Calum Lyons goal helps Waterford end 1,175-day wait for Munster SHC win
Calum Lyons of Waterford shoots to score his side's goal. Picture: Piaras Ó Mídheach/Sportsfile
Waterford’s 1,175-day wait for a championship victory is no more, the Déise outsmarting Cork to advance to a first Munster final since 2016.
This four-point win brings to an end Waterford’s nine-game run without a championship victory, the gap finally bridged to the county’s All-Ireland semi-final win over Cork in August of 2017.

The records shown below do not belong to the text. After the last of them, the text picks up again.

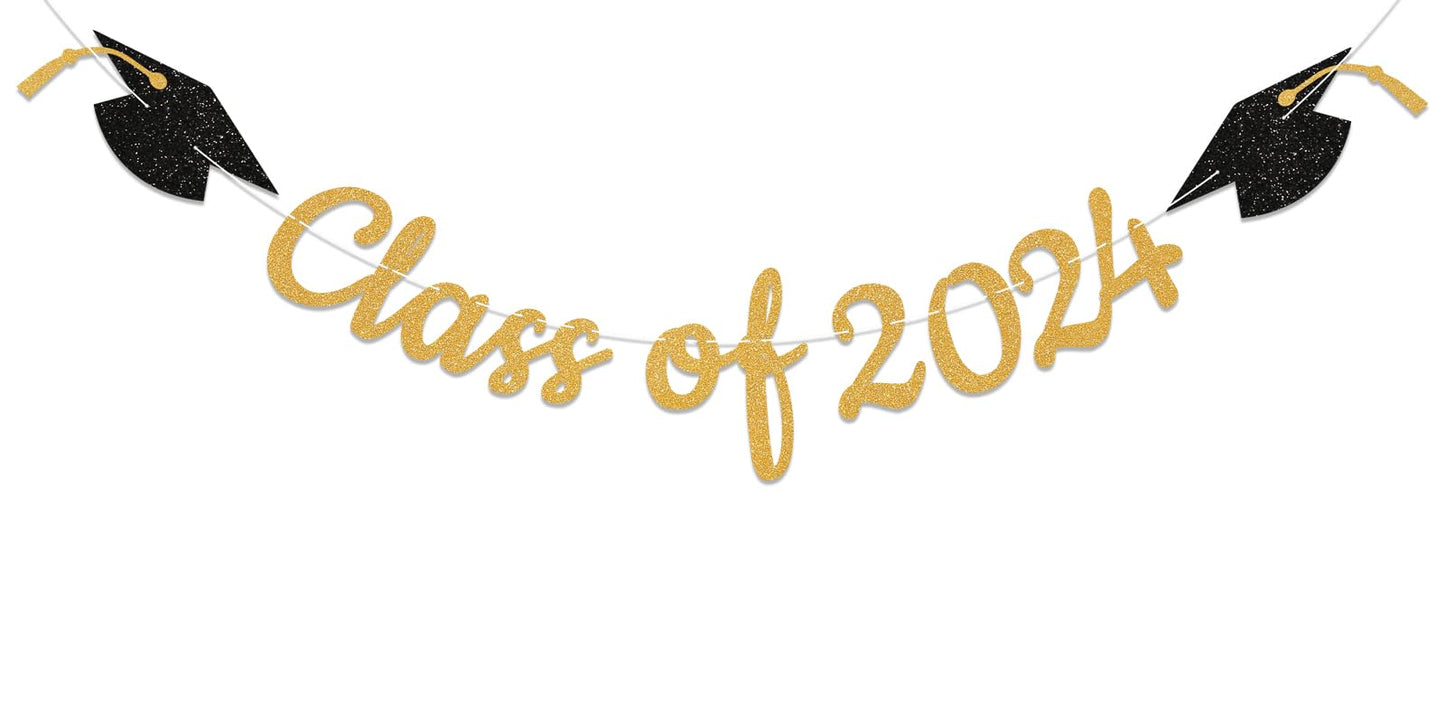 Class Of 2024 Banner - 2024 Graduation Decorations, Congrats Grad Decor, We Are So Proud Of You Banner, 2024 Senior High School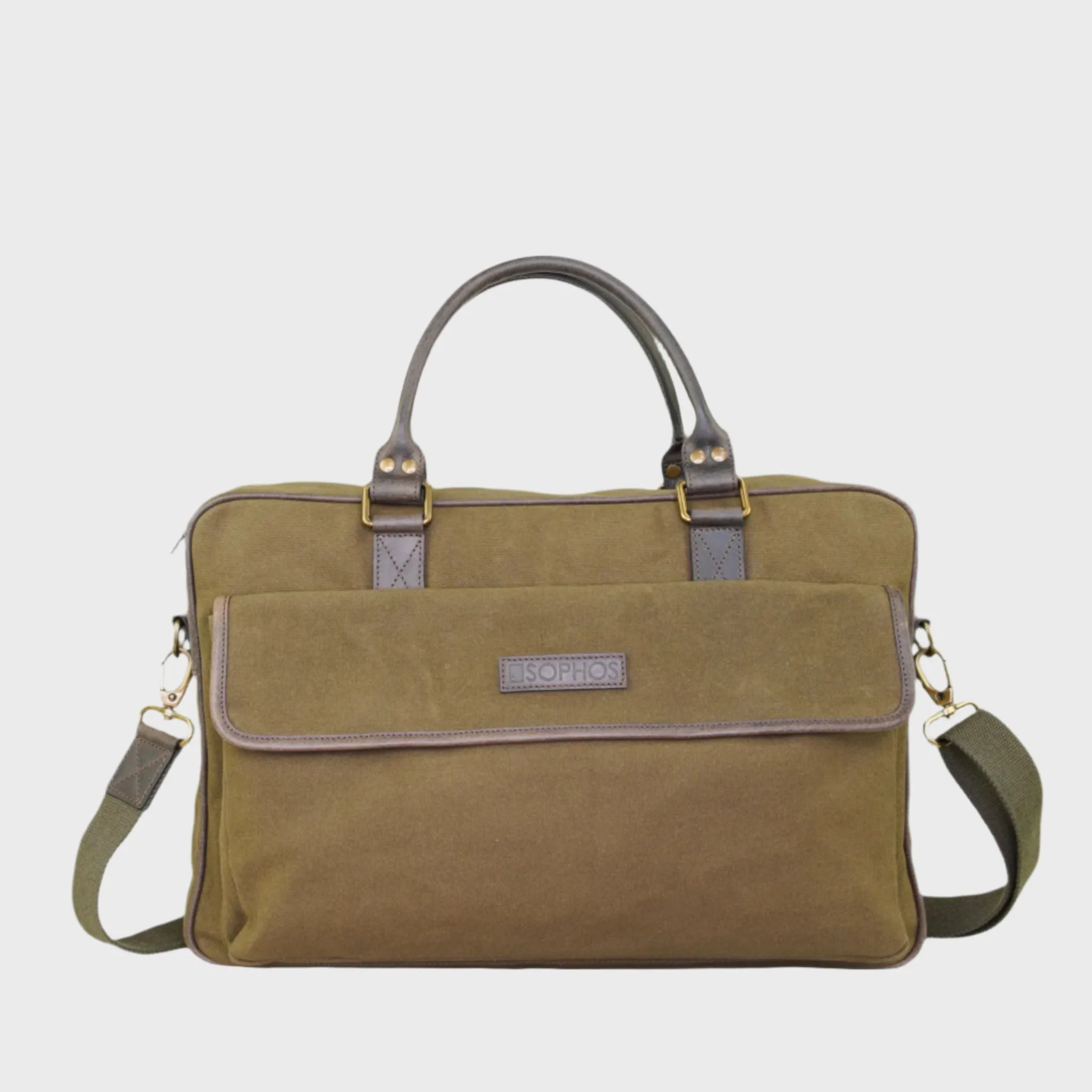 Waxed Canvas Briefcase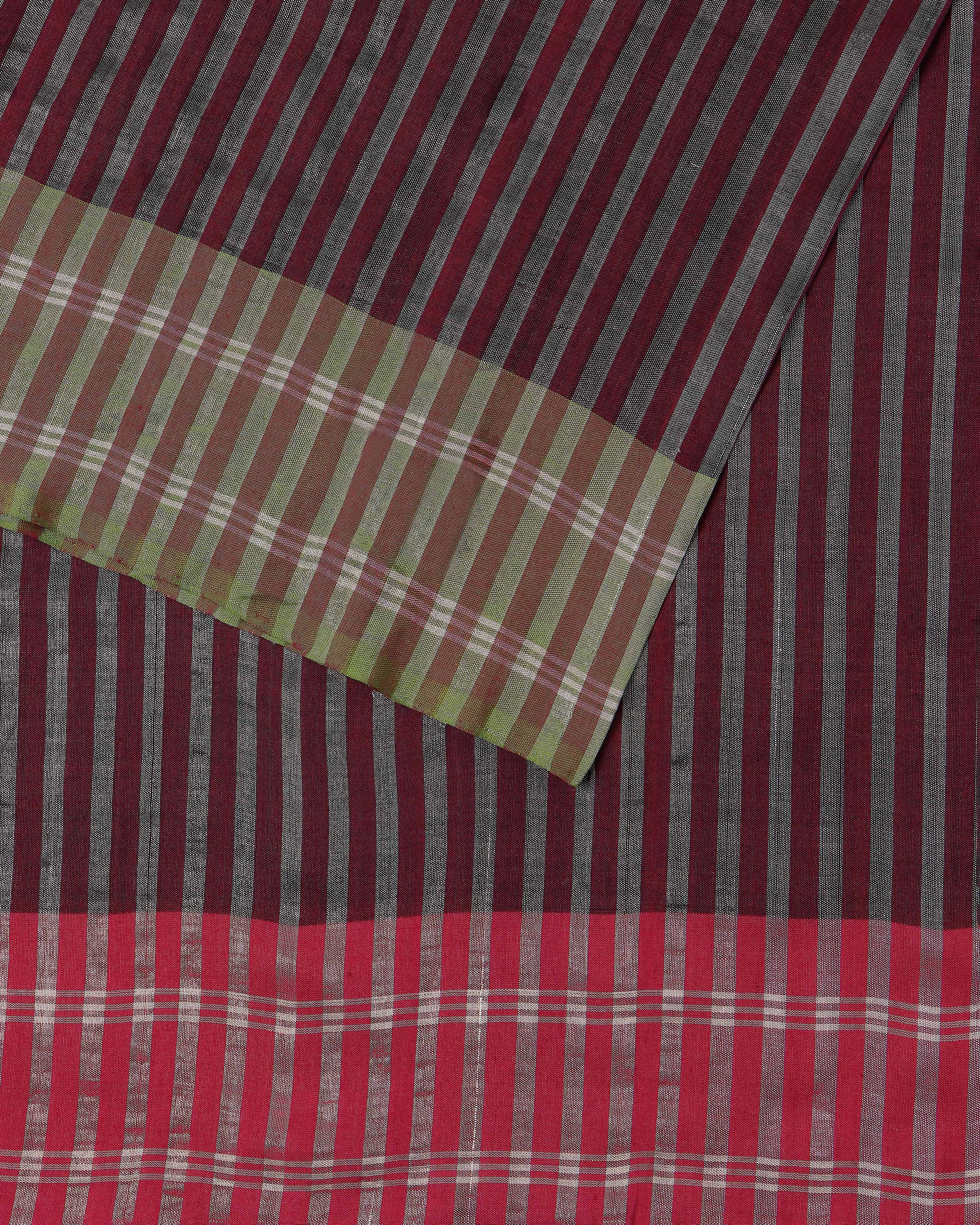 Annya Pochampally Weft Ikat Cotton Saree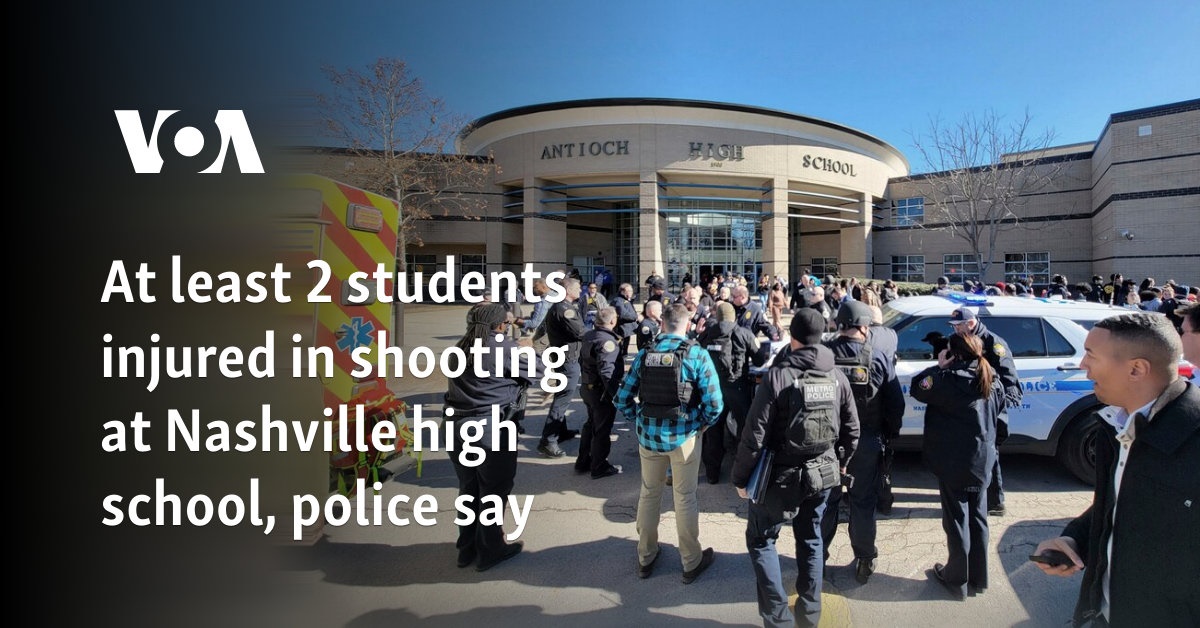 Police say at least 2 students injured in shooting at Nashville high school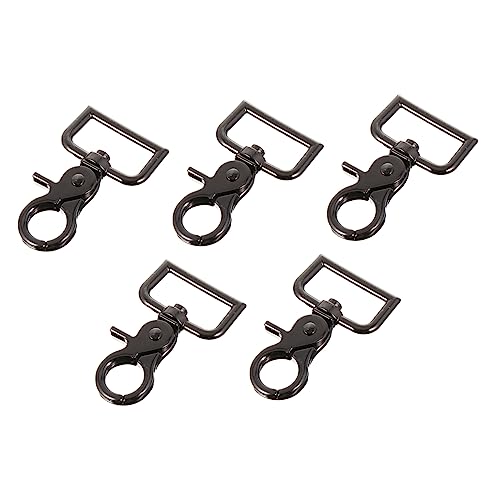 Artibetter 1 Satz Hardware-Haken Sicherheitsschloss Bastelzeug Schlüsselketten Buckle Bandschnalle Schnappt Karabinerhaken Klein Drehverschluss Schwenkbare Auslösehaken Zinklegierung 5 Stück von Artibetter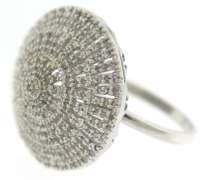 Sterling Silver Cluster Dome Ring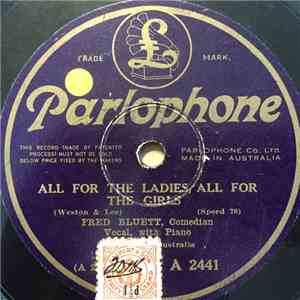 Fred Bluett - Henry's Made A Lady Out Of Lizzie/All For The Ladies All For The Girls download flac mp3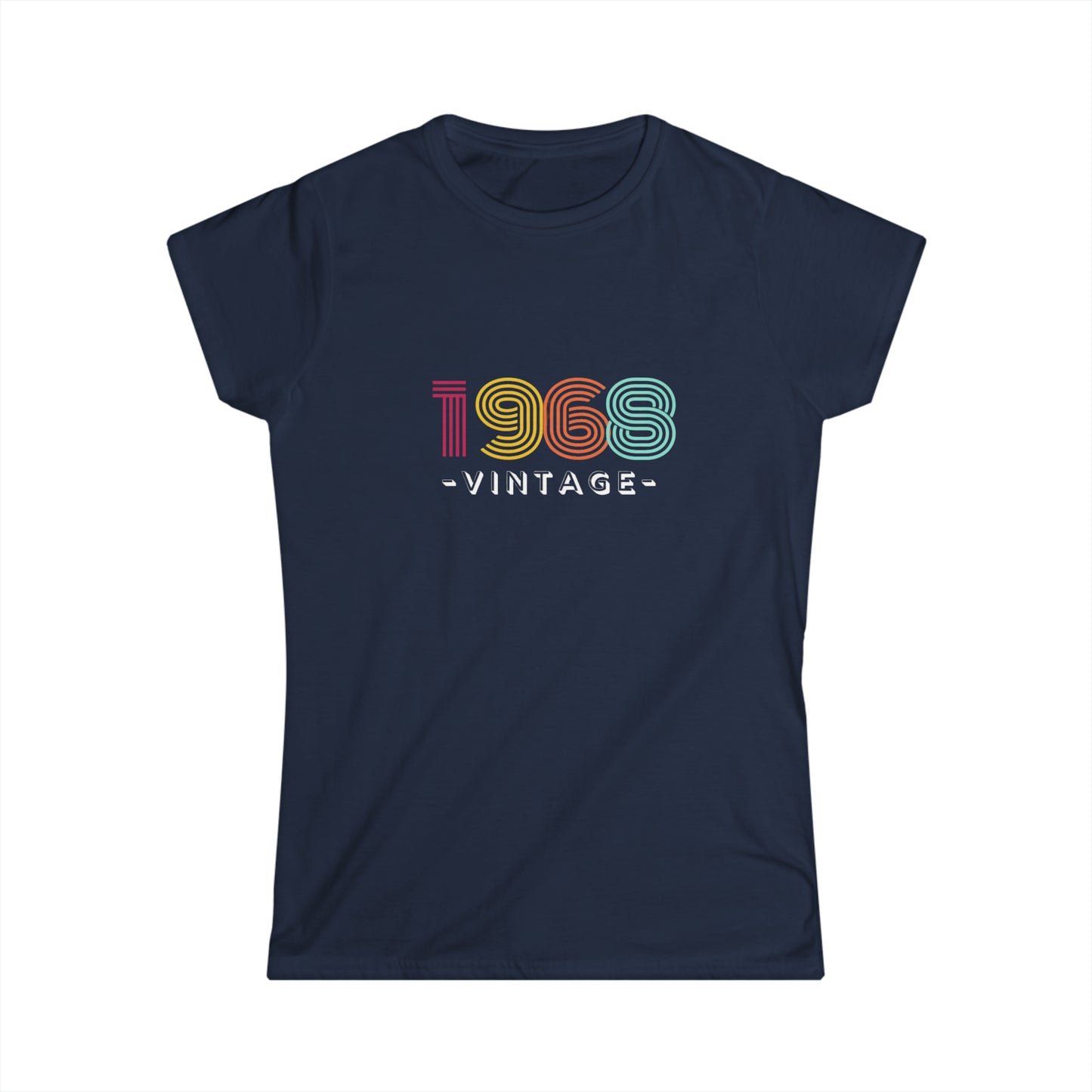 Women's Softstyle Tee "Vintage + Year"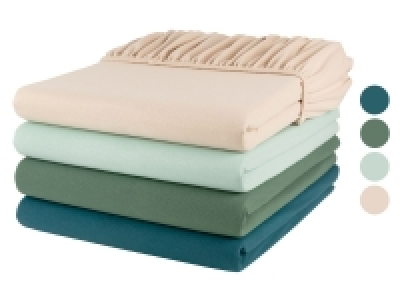 LIVARNO home Bi-Elastic Jersey Spannbettlaken, 180-200 x 200 cm 14.99 €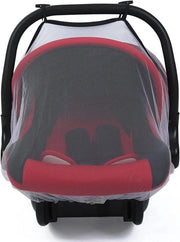 Reticolo universale per passeggino - rete insetti - reticolo muggi con chiusura a doppia striscia - elastico - resistente ai graffi - lavabile (nero)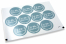 Baptism envelope seals - il mio battesimo blue with white wreath | Bestbuyenvelopes.ie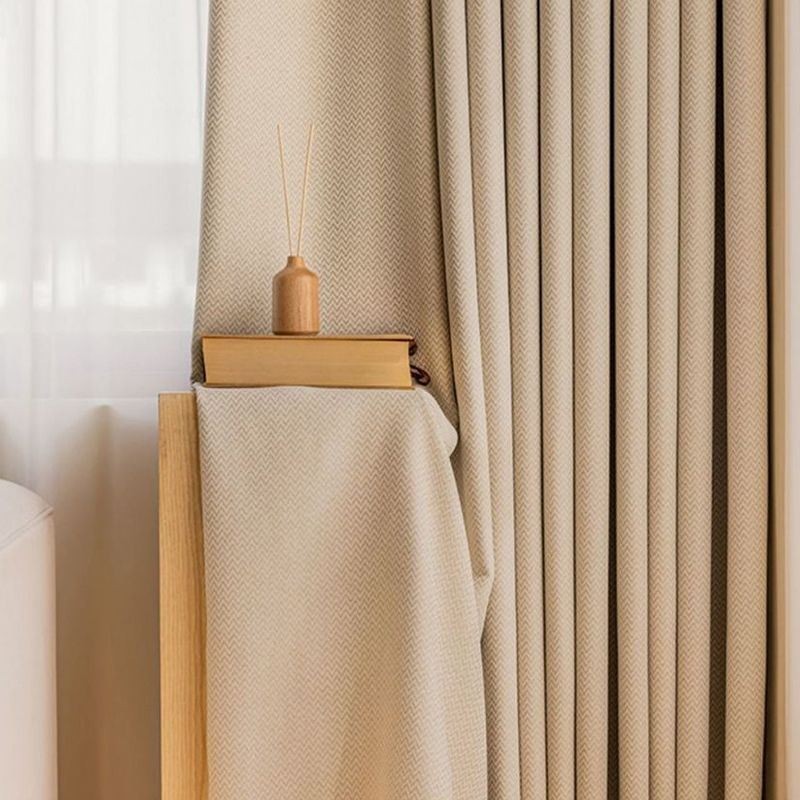 Cortinas Opacas Con Estampado De Líneas Onduladas Para Sala De Estar Y Dormitorio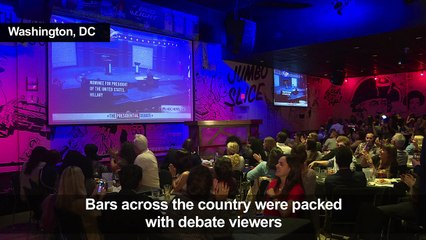 Americans react to fiery first presidential debate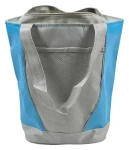 RULYT Chladicí taška plážová 30 l modrá / Chladicí taška / Objem 30 l / 42x36,5x21 cm / 600D polyester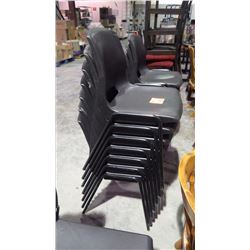 13 PLASTIC STACKING CHAIRS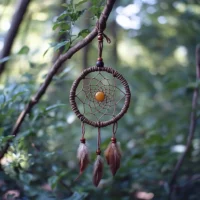 Dreamcatcher Amulet in forest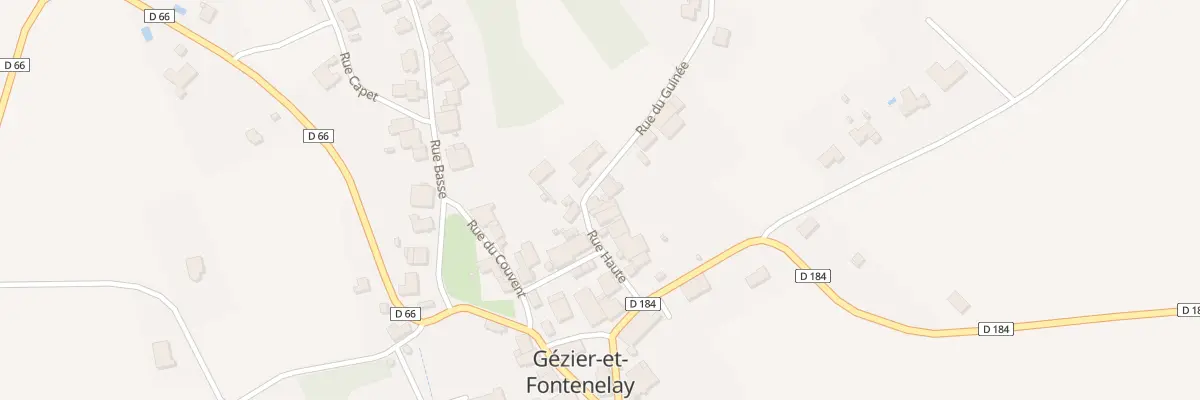 Plan du 2 Rue du Guine à Gézier-et-Fontenelay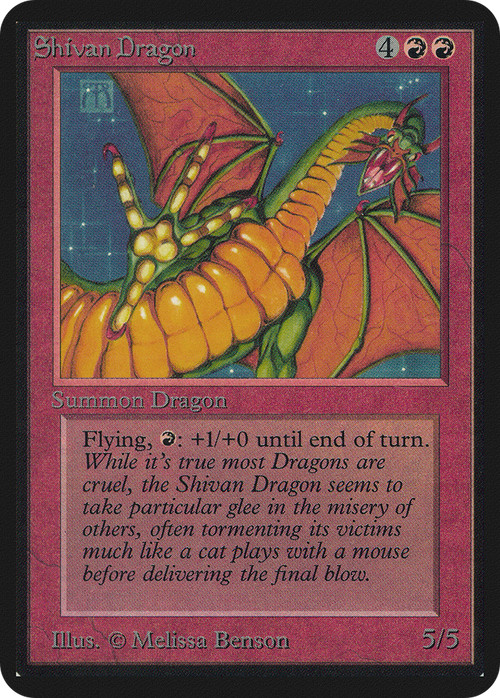 Shivan Dragon (LEA-) - Limited Edition Alpha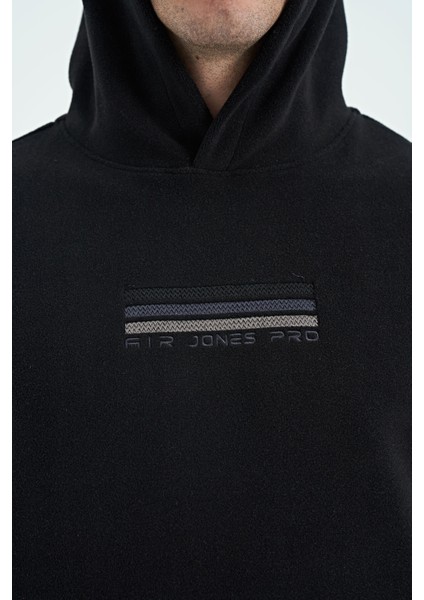 Hern Siyah Erkek Polar Sweatshirt - 88301 modelleri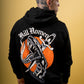 Black sweatshirt with traditional style snake and a dagger.
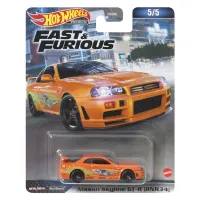 Hot Wheels Mașina din colecția Premium Fast & Furios 5 modele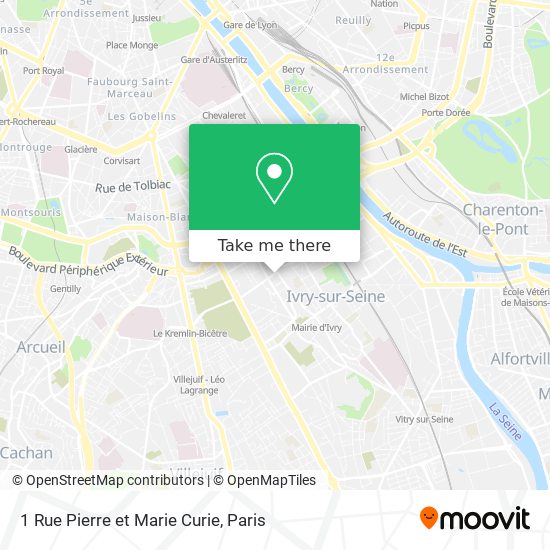 Mapa 1 Rue Pierre et Marie Curie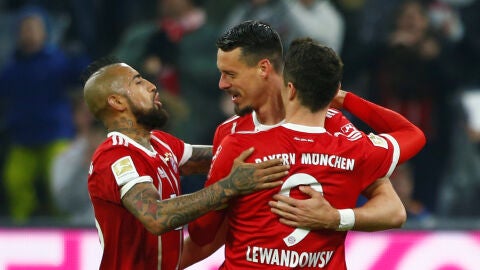 El Bayern remont&oacute; al Hoffenheim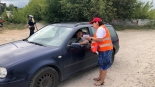 Akcja pracowników PKP i Straży Ochrony Kolei, fot. Karol Prymaka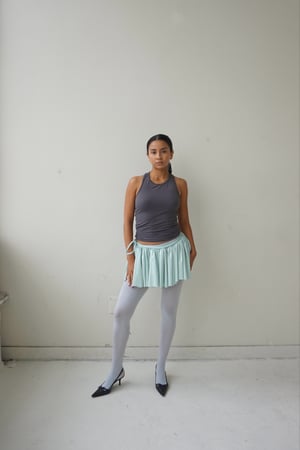 Image of AQUAMARINE / frilled mini skirt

For Waterford boss Liam Cahill, this provincial semi-final triumph represented a most satisfactory senior inter-county championship managerial debut. For his players, a massive weight is lifted, one which had grown heavier and heavier over the 38 months where they failed to come out on top in a championship fixture.
Cork’s attention now turns to the qualifiers. This was a showing they will want to forget in a hurry. Their hurling, to a great extent, lacked direction. Their passing was nowhere near as structured or purposeful as Waterford.
Waterford were ahead by three at the break and this advantage doubled to six when Calum Lyons tore in along the Ryan Stand side, pursued by two Cork defenders, before lodging the sliotar in Anthony Nash’s goal with a perfectly executed drop-shot.
Jack Prendergast and Stephen Bennett (free) were subsequently on target to stretch Waterford eight in front.
Two in-a-row from Seamus Harnedy and a long-range Christopher Joyce effort brought the gap back to five, 1-19 to 0-17, on 43 minutes. No closer would Cork come, though, until Patrick Horgan fired to the net two minutes into injury-time.
Scores came much easier to the winners, their ability to time and again punch holes in the opposition defence meant Cork were kept at arm’s length for much of the second period.
You could make the case that Cork, though not motoring well, would have been the happier with the interval scoreline of 0-15 to 0-12 in Waterford’s favour.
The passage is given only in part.